» **Work request**
For this exercise, output the entries below exactly from the line that holds "Resale - Apartment" to the line that holds "used 2019 Toyota", both ends included. No pictures belong in the copy.

» **Task inputs**

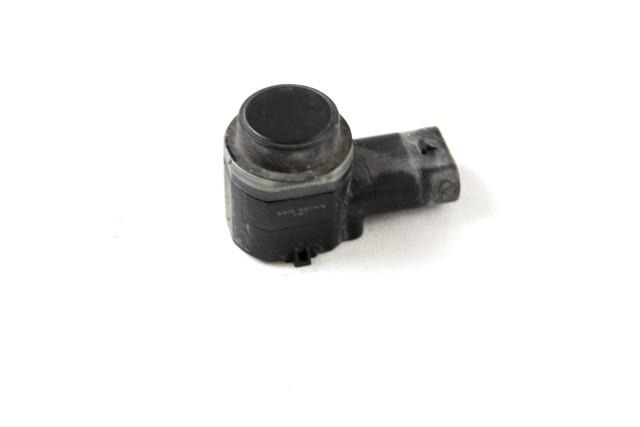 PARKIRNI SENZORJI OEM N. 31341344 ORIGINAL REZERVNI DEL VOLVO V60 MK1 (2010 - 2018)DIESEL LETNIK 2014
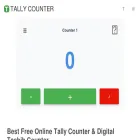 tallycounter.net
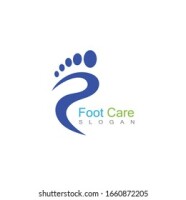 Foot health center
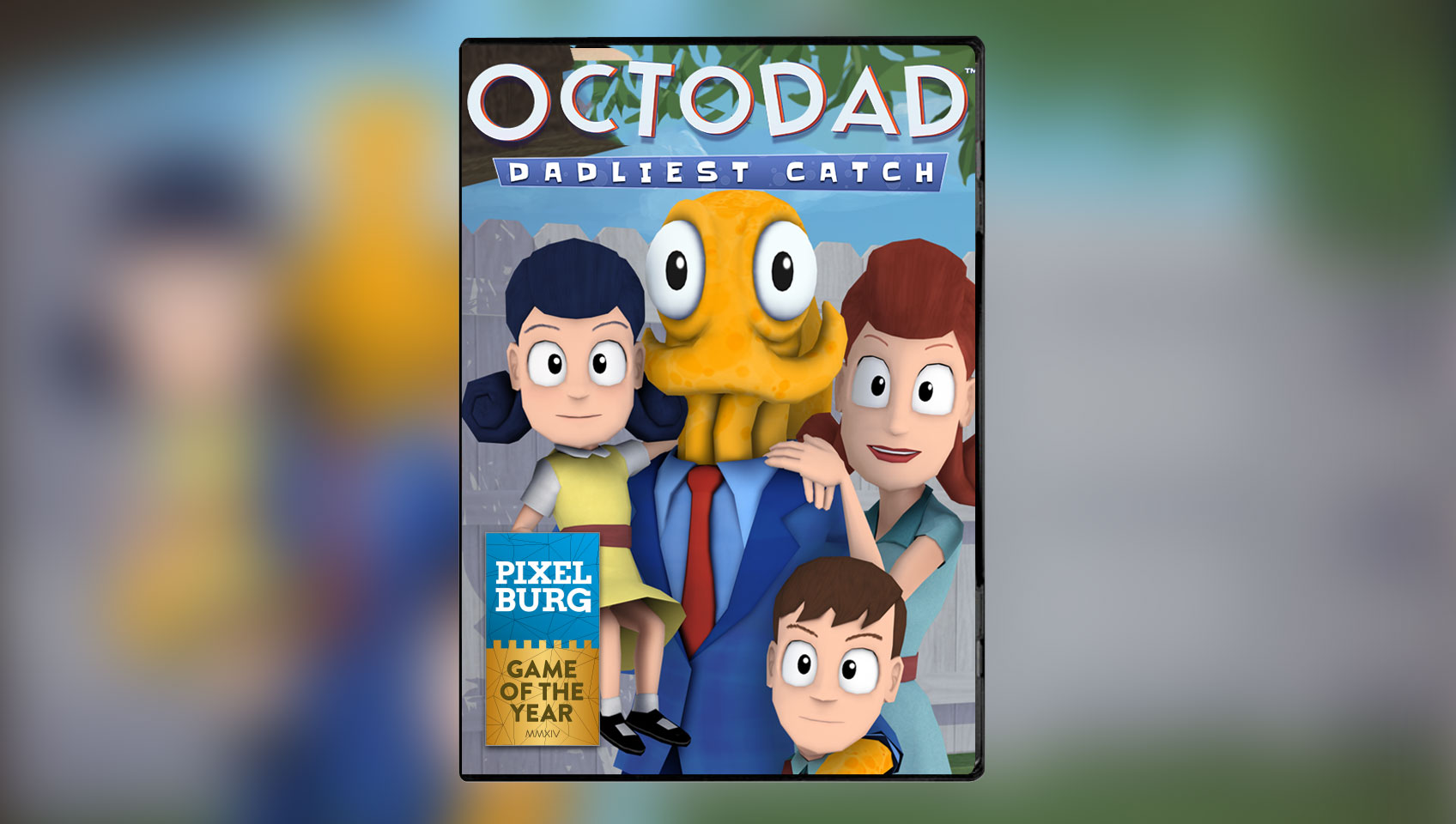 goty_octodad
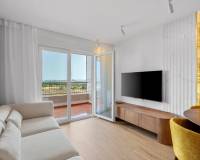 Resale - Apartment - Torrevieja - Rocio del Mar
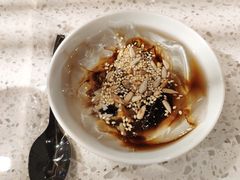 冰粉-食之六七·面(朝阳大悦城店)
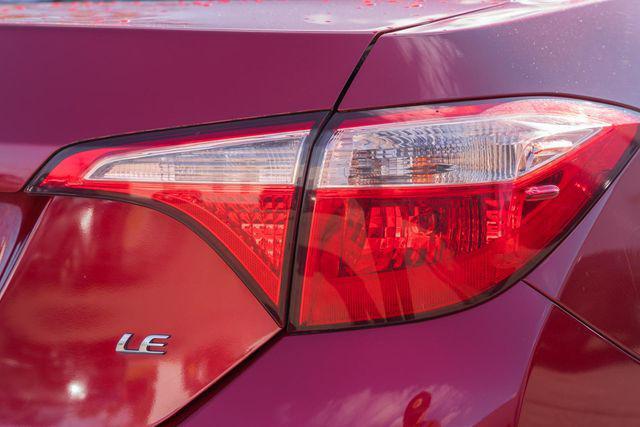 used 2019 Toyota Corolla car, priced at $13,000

==

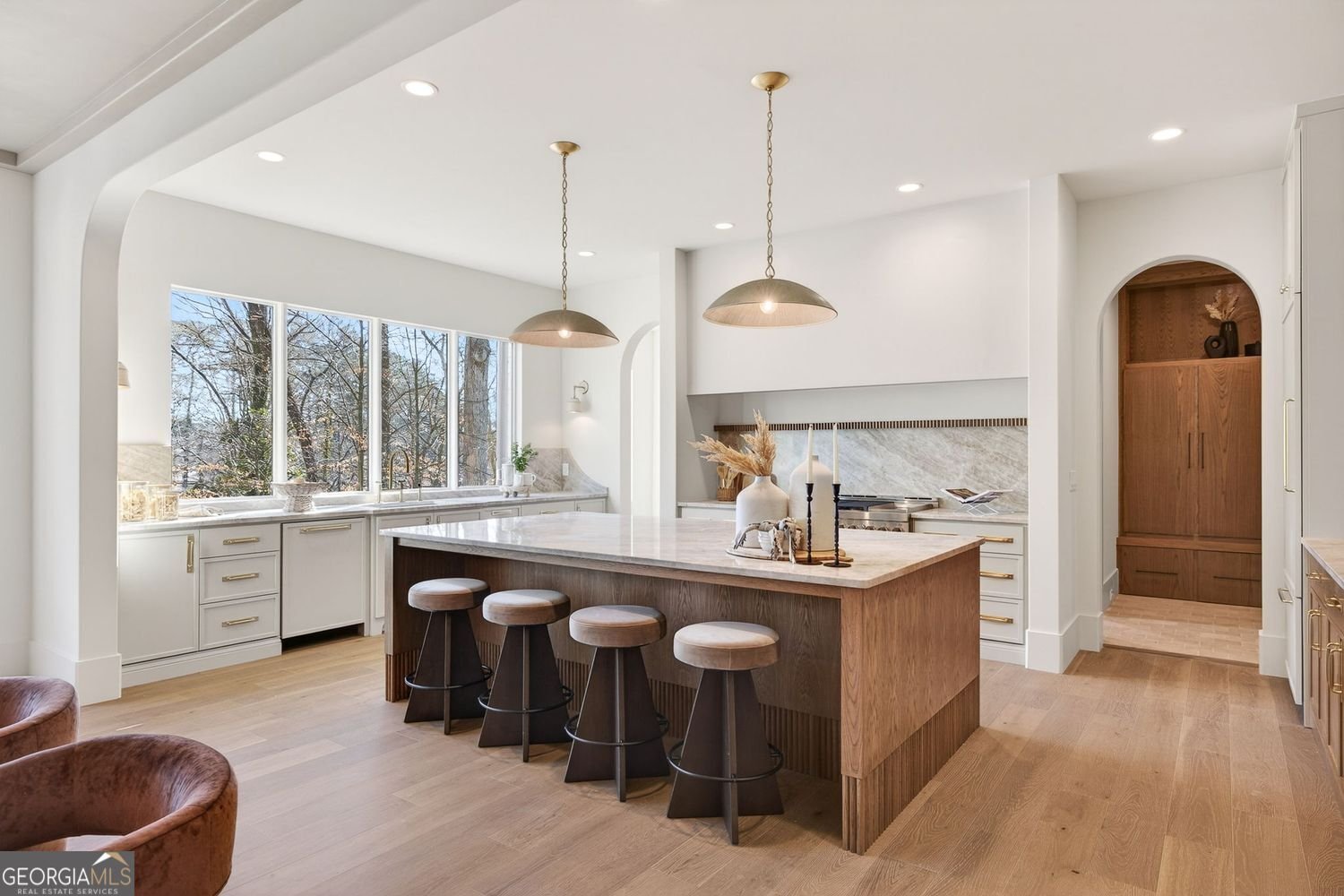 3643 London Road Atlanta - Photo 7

» **Solution**
 Resale - Apartment - Torrevieja - Rocio del Mar
 冰粉-食之六七·面(朝阳大悦城店)
 used 2019 Toyota Corolla car, priced at $13,000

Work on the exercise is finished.